Speech-to-Text

STT POST Endpoint

Use this HTTP POST endpoint for simple, one-shot speech-to-text transcription. Send the entire audio payload in the request body and receive a stream of newline-delimited JSON (NDJSON) messages with the transcription results.

Endpoint URL:

https://api.gradium.ai/api/post/speech/asr

Authentication: Include your API key in the request header:

Header: x-api-key: your_api_key

Quick Example

curl -L -X POST https://api.gradium.ai/api/post/speech/asr \
  -H "x-api-key: your_api_key" \
  -H "Content-Type: audio/wav" \
  --data-binary @input.wav

With a language hint:

curl -L -X POST "https://api.gradium.ai/api/post/speech/asr?json_config=%7B%22language%22%3A%22en%22%7D" \
  -H "x-api-key: your_api_key" \
  -H "Content-Type: audio/wav" \
  --data-binary @input.wav

Request Format

Method: POST Body: Raw audio bytes (the full file).

The input audio format is selected from the Content-Type header:

Content-Type	Audio Format
`audio/wav` (default if header is missing)	WAV (PCM data, 16/24/32-bit)
`audio/pcm`	Raw PCM, 24 kHz, 16-bit signed little-endian, mono
`audio/ogg` or `audio/opus`	Ogg-wrapped Opus

Query Parameters:

model (string, optional): The Speech-to-Text model to use (default: default).
input_format (string, optional): Override the input format detected from Content-Type. One of wav, pcm, opus.
json_config (string, optional): JSON-encoded model configuration.

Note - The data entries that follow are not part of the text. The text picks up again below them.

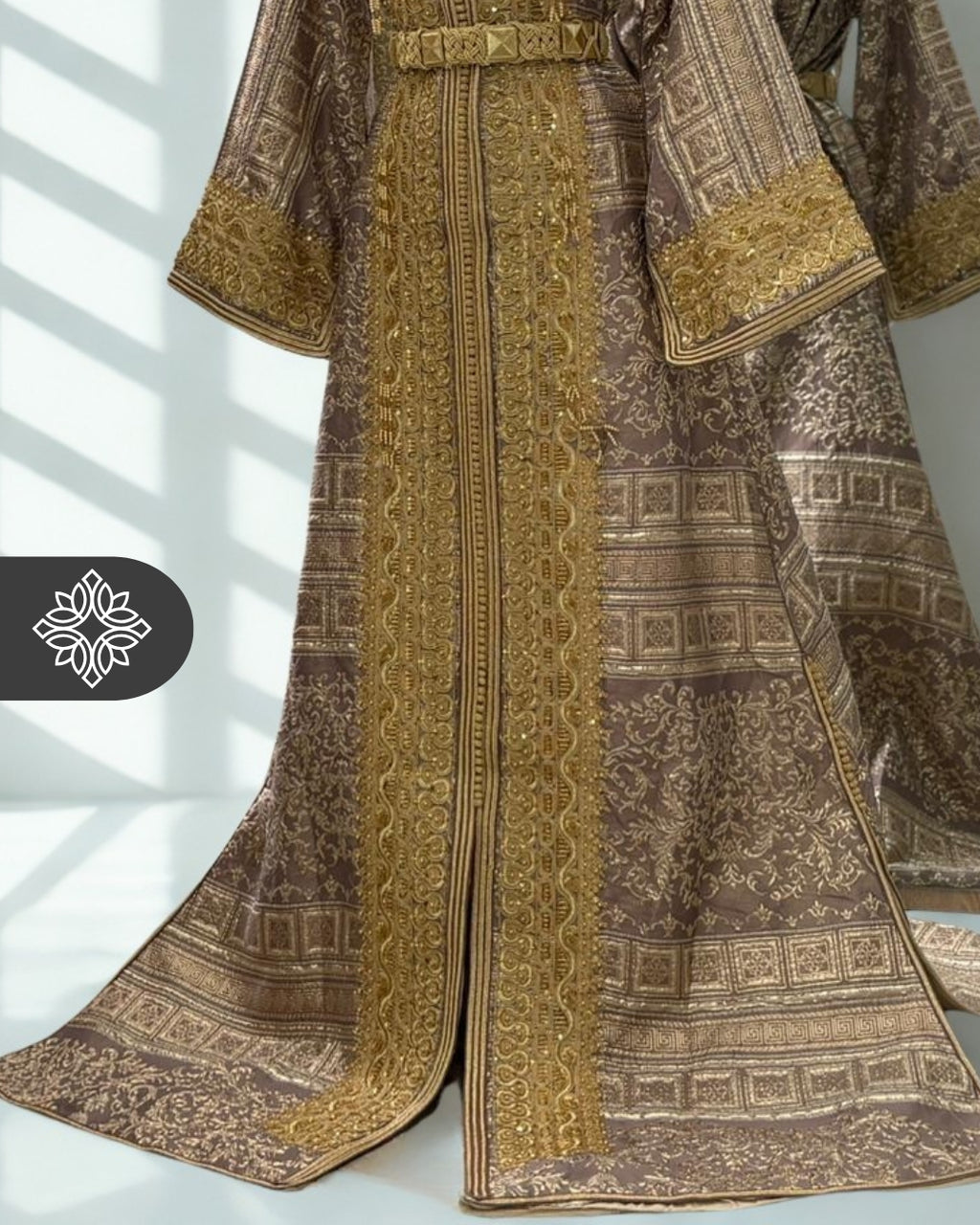 VIP Lavender Moroccan Kaftan | One-Piece Brocade Kaftan | Golden Hand Embroidery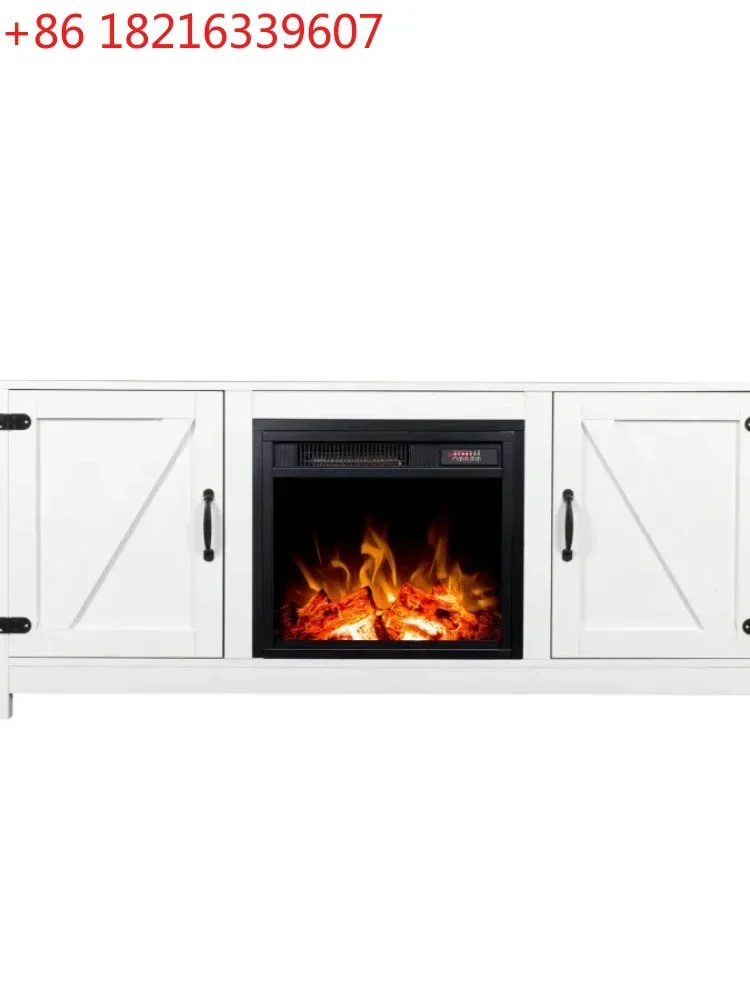 TAO Farmhouse TV Stand, Fireplace TV Stand, Wood Entertainment Center Media Console with Storage,White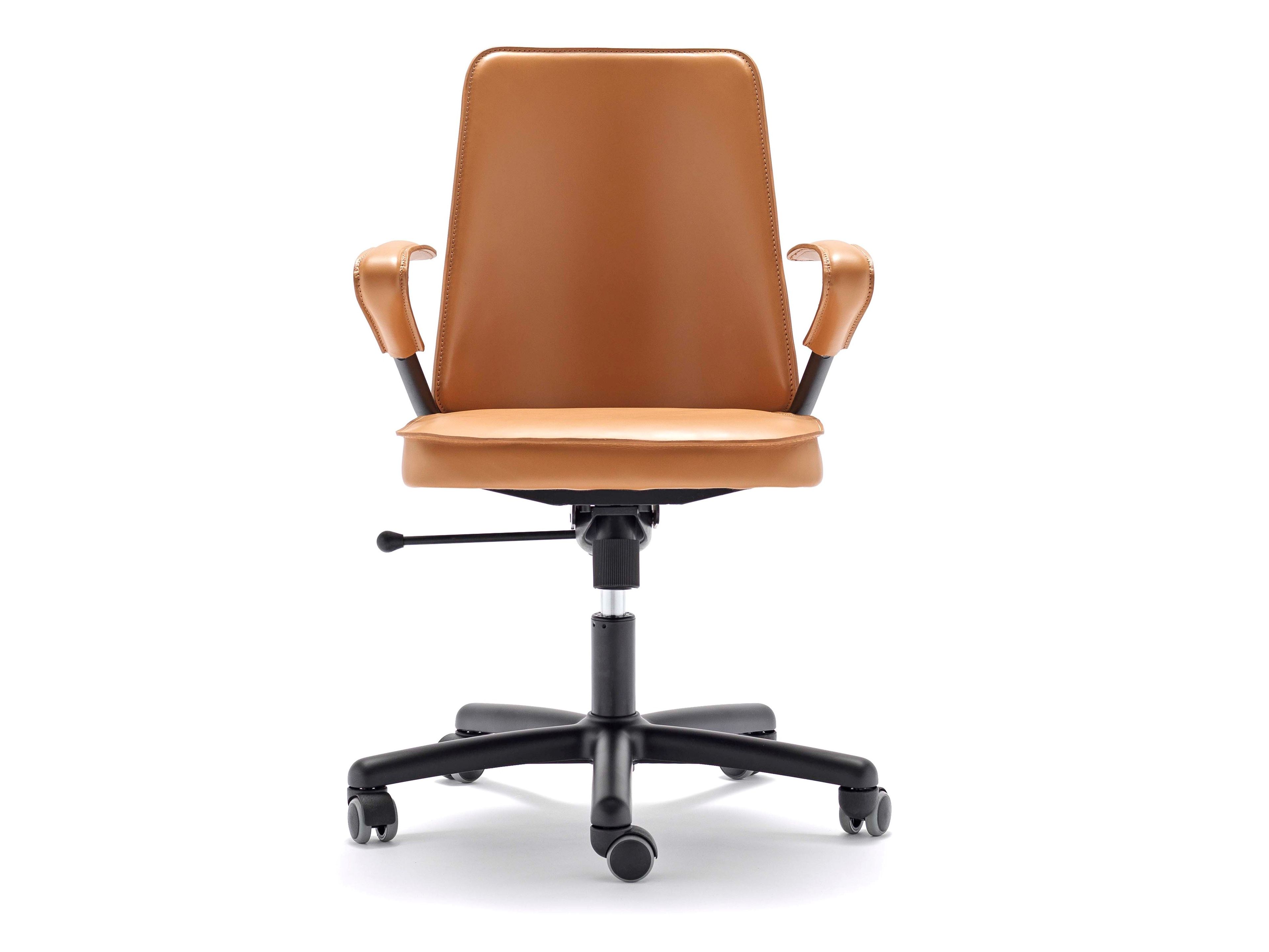 Регулируемый по высоте офисный стул из кожи с подлокотниками Fasem LUNA ARCH-00129410 - Вид №1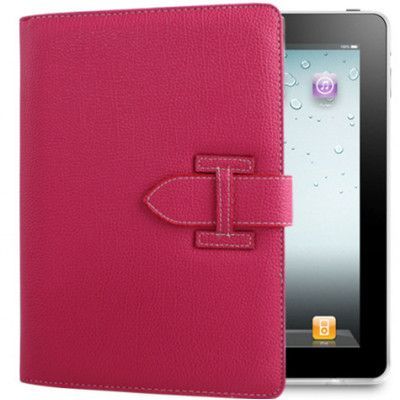 Lichi Pattern Stand Väska till Apple iPad Air (Magenta)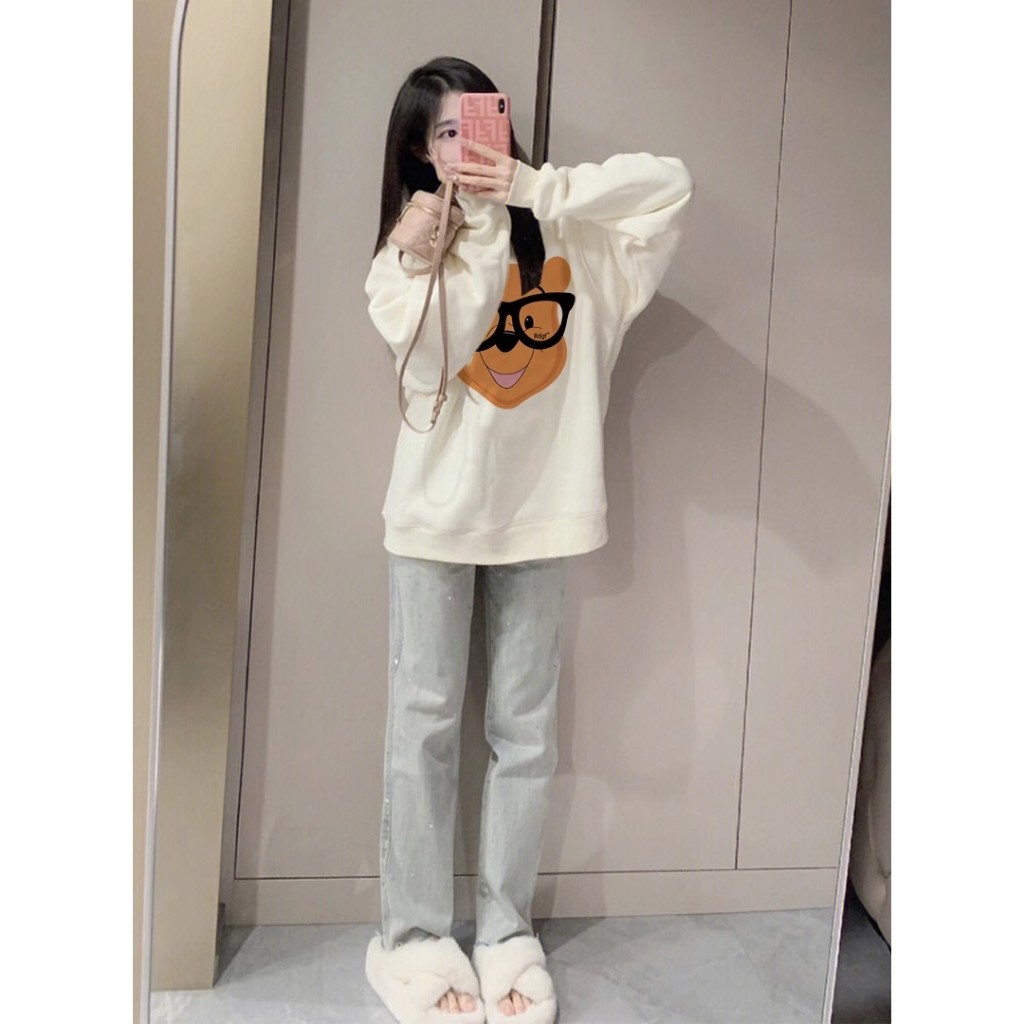 Ihkke Áo sweatshirt Tay Dài In Hình Thời Trang Hàn Quốc Dành Cho Cặp Đôi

Common use case: pass a language hint, e.g. {"language": "en"}. The value should be URL-encoded when used as a query parameter.

Response Format

Content-Type: application/x-ndjson

The response body is a stream of newline-delimited JSON messages. Each line is a separate JSON object. Possible message types:

`text` — transcribed text segment

{"type": "text", "text": "Hello world", "start_s": 0.5, "stream_id": 0}

text (string): Transcribed text.
start_s (float): Start time of the segment in seconds.
stream_id (integer): Stream identifier when multiple text streams are in use (0 in single-stream transcription).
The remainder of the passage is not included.